Secondo gli analisti i vantaggi per il Banco Popolare saranno considerevoli (quelli di Deutsche bank stimano un miglioramento del Core Tier 1 dal 5,7% al 7,4%) eppure il ricorso agli strumenti finanziari di patrimonializzazione sono comunque un segnale di debolezza. Del resto il Banco Popolare è stato costretto ad aprire le danze ricorrendo ai bond di Stato per evitare un tracollo annunciato.
Smentite le indiscrezioni di «azzeramento del patrimonio netto» per Italease, la partecipata finita anni fa al centro di uno scandalo finanziario, la sostanza non cambia molto: Banco Popolare ha in pancia un prodotto andato a male e gli effetti dell’indigestione sono solitamente maleodoranti. In una nota Banca Italease ha recentemente confermato che la crisi economica sta «influenzando l’evoluzione del profilo di qualità del portafoglio crediti del gruppo, caratterizzato anche dalla presenza di grandi esposizioni riconducibili al settore immobiliare». Ecco perché tra le varie opzioni in campo per il caso Italease prende corpo anche quella del delisting. Una strada forse meno dolorosa ma certamente più onerosa nell’immediato per il Banco Popolare che ha così preferito mettere mano alle munizioni dei Tremonti bond.
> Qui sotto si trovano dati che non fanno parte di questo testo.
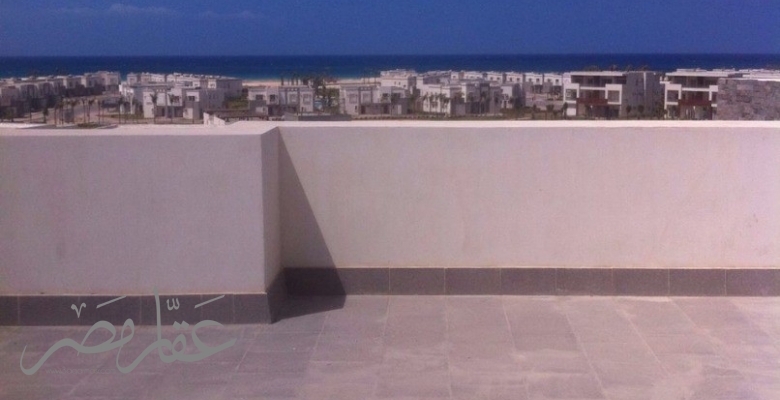 شاليه بفيو البحر وحمام السباحة بأمواج سيدى عبد الرحمن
Una cosa è chiara: non sarà l’unica visto che il Monte dei Paschi di Siena sembra pronta nelle prossime ore a chiedere una iniezione di circa 2 miliardi di euro. L’obiettivo del Tesoro è accrescere le opportunità di finanziamento all’economia grazie alla maggiore patrimonializzazione delle banche che pagheranno una cedola annuale compresa tra il 7,5% e l’8,5% per i primi anni. Cedola che poi andrà a crescere gradualmente. Non un grande affare per le banche, ma comunque una scialuppa di salvataggio a patto che favoriscano il credito alle imprese e alle famiglie.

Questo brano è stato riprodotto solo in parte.